(Supplied data begins)

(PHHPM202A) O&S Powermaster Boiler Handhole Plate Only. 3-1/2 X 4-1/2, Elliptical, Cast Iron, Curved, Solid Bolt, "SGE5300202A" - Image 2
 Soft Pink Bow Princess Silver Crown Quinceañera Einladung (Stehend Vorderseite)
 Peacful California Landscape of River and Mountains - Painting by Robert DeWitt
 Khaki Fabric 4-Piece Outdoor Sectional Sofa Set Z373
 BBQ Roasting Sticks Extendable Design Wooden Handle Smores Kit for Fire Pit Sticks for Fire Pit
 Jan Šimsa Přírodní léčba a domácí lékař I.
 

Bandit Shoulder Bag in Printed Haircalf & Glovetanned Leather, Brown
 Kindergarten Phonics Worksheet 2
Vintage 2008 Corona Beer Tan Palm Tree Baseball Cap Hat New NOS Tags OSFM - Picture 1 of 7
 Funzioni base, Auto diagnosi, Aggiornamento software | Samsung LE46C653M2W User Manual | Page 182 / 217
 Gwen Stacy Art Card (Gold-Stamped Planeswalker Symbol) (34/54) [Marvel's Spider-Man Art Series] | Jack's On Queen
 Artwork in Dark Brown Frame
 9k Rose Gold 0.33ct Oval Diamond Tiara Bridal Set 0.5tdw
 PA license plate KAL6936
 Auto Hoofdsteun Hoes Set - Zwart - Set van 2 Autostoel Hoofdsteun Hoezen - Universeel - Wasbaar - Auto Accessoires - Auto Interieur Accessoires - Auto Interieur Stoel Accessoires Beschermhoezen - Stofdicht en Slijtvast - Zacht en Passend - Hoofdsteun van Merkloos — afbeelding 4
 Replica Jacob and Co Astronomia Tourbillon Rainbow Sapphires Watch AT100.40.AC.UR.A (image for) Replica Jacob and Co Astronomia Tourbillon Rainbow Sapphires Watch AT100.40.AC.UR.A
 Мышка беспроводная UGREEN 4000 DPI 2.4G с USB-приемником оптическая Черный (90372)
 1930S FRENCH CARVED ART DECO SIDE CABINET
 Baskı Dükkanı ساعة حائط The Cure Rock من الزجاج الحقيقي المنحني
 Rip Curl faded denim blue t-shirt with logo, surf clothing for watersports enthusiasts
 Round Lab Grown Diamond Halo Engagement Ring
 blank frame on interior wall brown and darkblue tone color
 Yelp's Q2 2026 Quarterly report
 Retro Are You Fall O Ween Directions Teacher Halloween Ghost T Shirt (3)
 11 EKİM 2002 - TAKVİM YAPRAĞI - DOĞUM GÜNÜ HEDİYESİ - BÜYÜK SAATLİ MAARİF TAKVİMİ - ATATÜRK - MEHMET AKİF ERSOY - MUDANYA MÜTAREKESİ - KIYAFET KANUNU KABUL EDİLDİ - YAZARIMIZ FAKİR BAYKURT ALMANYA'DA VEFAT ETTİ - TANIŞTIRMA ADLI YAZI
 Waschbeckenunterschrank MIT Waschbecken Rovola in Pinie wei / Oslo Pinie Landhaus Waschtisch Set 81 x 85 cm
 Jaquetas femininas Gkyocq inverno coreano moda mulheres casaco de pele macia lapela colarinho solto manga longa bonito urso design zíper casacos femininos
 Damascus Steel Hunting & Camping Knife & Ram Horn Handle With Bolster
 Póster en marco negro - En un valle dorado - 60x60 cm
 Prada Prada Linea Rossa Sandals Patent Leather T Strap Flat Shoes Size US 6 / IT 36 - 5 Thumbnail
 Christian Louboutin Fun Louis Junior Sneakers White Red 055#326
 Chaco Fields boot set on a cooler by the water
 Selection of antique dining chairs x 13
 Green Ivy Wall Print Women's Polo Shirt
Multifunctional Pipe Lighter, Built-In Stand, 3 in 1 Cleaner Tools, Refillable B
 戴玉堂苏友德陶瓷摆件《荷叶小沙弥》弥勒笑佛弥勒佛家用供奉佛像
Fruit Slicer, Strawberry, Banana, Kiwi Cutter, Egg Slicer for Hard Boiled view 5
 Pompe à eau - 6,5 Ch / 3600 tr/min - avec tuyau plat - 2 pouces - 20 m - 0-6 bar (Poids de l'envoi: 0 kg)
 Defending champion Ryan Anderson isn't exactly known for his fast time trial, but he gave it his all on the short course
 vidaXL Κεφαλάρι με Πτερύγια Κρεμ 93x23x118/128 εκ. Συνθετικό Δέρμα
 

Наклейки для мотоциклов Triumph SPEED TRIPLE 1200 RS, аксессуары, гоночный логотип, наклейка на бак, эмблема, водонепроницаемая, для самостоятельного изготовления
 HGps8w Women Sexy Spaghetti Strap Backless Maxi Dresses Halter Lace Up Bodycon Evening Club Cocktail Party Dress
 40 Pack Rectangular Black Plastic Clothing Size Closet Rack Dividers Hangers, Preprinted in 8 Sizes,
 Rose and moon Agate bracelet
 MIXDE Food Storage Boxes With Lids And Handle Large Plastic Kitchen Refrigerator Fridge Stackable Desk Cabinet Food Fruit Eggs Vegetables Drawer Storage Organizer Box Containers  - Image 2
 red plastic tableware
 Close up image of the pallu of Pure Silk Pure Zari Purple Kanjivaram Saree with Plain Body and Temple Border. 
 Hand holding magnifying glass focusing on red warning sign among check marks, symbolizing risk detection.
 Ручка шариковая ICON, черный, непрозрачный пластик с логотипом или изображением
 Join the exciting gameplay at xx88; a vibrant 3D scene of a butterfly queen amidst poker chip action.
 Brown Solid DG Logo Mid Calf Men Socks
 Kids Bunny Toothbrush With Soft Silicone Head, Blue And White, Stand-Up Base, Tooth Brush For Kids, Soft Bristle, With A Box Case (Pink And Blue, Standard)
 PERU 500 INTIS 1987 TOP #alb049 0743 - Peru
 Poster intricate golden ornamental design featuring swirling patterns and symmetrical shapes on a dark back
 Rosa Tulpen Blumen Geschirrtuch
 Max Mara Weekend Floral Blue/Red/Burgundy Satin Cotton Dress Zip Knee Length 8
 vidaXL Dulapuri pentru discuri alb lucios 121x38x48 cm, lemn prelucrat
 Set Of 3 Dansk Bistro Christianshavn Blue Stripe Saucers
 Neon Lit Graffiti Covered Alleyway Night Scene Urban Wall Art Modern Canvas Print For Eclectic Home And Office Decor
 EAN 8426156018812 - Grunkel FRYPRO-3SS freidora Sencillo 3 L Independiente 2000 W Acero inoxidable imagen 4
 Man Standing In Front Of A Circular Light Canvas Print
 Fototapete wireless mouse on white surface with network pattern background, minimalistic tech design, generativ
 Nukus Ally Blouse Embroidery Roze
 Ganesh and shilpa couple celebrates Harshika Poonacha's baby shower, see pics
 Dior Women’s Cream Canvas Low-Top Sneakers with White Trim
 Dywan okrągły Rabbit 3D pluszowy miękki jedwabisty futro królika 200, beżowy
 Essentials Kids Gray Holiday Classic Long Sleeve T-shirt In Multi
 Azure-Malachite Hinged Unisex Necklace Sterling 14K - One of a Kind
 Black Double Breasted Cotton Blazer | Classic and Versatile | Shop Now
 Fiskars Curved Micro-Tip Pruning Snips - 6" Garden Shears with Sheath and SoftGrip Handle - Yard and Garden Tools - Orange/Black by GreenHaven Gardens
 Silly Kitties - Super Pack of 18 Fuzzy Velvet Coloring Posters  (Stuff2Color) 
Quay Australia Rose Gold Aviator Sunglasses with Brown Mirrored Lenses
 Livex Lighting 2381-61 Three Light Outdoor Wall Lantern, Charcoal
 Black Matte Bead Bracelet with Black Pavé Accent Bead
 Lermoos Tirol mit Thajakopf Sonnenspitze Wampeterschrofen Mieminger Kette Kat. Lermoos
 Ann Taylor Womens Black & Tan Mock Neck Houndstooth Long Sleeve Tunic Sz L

(Supplied data ends)

Assignment | Within the entries, find all lines that contain "Sneakers" and copy each one.

Response box |
 Christian Louboutin Fun Louis Junior Sneakers White Red 055#326
 Dior Women’s Cream Canvas Low-Top Sneakers with White Trim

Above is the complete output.